Once you've got that part figured out, you could have selectable maps (much like terrain response) for how quickly the system responds etc.

Oh, and you can't forget the fancy graphics on a computer screen telling you wheel rpms

[LandyManLuke]

FWIW, I've done that, though at about 10:1 scale. it did work though.

[FridgeFreezer]

I've been toying with the idea of making my own traction control system with one of those. As long as you can read the sensors, and know what they're telling you, and know what kind of input the valve block is expecting, it should be a doddle

Once you've got that part figured out, you could have selectable maps (much like terrain response) for how quickly the system responds etc.

Oh, and you can't forget the fancy graphics on a computer screen telling you wheel rpms

Elbekko - the ABS unit (when working) already does all of that, all you need is a very small micro with CANbus to tell it what to do.

[elbekko]

Oh. That's cheating

[FridgeFreezer]

Oh. That's cheating

Well, it would still require a bit of piracy of the CANbus. Also, you would need a working ABS unit. Although it's possible to make your own ECU from scratch (and yes I did briefly consider it) IMHO it would take a hell of a lot of development time to get anywhere near what the regular unit can do. It would also mean adding in wheel-speed sensors or similar, already present on some vehicles with ABS but never fitted to Series 3's

[simonr]

Instead of ABS or pure traction control - how about steer control?

This is an idea I've been rolling around for a while now.

You need a steer position sensor to work out how much steer input there is. You then calculate the relative speeds of all four wheels - and force then to be within a few % of that.

In a situation with minimal traction it should give the vehicle the best chance of executing the line of a turn as demanded. I think it should work particularly well when traction is very low or variable - the times when things tend to go wrong!

A bit like traction control - but for steering. Something you can't do with traditional difflocks.

Si

[elbekko]

Interesting idea Si. If I understand correctly, you mean something like a forced skid steer, where you calculate the difference in wheel speeds during cornering and make sure it doesn't deviate from that. This way you have a 'locked' diff, but can still corner normally.

That *should* be a fairly simple extension to a stock traction control system (if they don't already have something like that, I have a feeling terrain response for example does), as long as you have a steering position sensor as you say.

[simonr]

Yup that's exactly it.
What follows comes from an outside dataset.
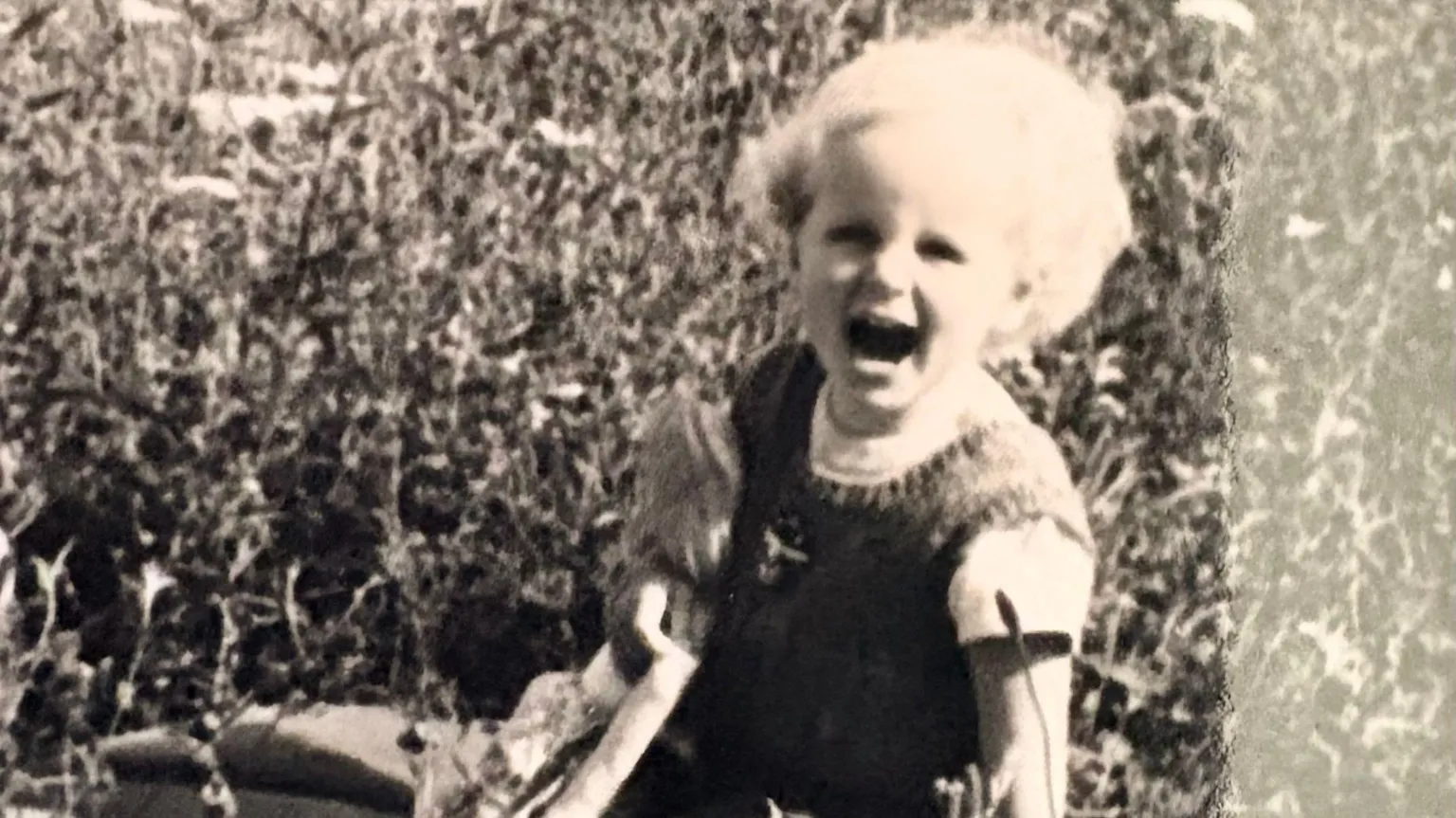 Maggie O'Farrell black and white photo of Maggie as a toddler blonde hair -- mouth open kneeling down on the ground rugged landscape of Ireland behind her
Like with all three diffs locked in a slippy surface, the truck goes in a straight line - this just sets the direction it will not deviate from with the steering wheel.

I was told by a grown-up the reason they don't do it is brake pad wear. To be useful it has to be fairly aggressive and they are worried that before you know it - you wouldn't be able to stop at all!
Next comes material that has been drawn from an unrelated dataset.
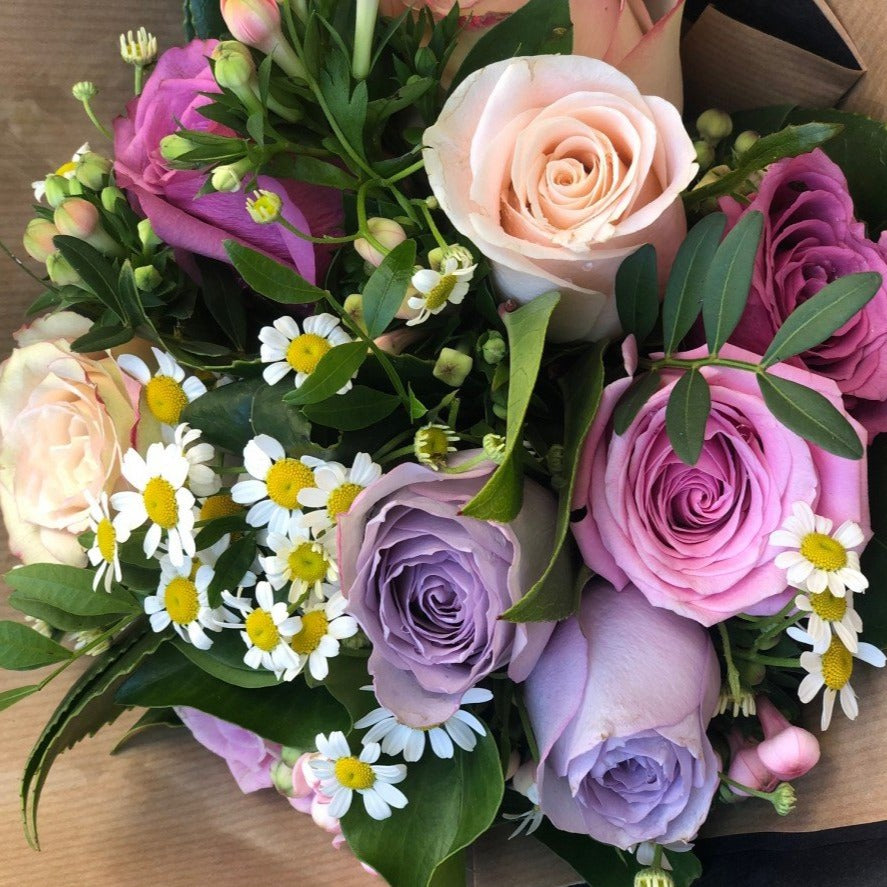 Pastel roses and foliage.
On separate calipers however - who cares!

Si

[Manxey]

Instead of ABS or pure traction control - how about steer control?

This is an idea I've been rolling around for a while now.

You need a steer position sensor to work out how much steer input there is. You then calculate the relative speeds of all four wheels - and force then to be within a few % of that.

In a situation with minimal traction it should give the vehicle the best chance of executing the line of a turn as demanded. I think it should work particularly well when traction is very low or variable - the times when things tend to go wrong!

A bit like traction control - but for steering. Something you can't do with traditional difflocks.

Si

JCB use a version of this on some of there smaller hydrodrive telehandlers... Seems to work well until a sensor breaks!

[calle-fas]

That is a really brilliant idea Si!

[simonr]

That is a really brilliant idea Si!

Cheers! One day I'll get around to trying it in anger!

Si

[Gazzar]

Cheers! One day I'll get around to trying it in anger!

Si

Here is another idea - ABS brakes for a towed trailer.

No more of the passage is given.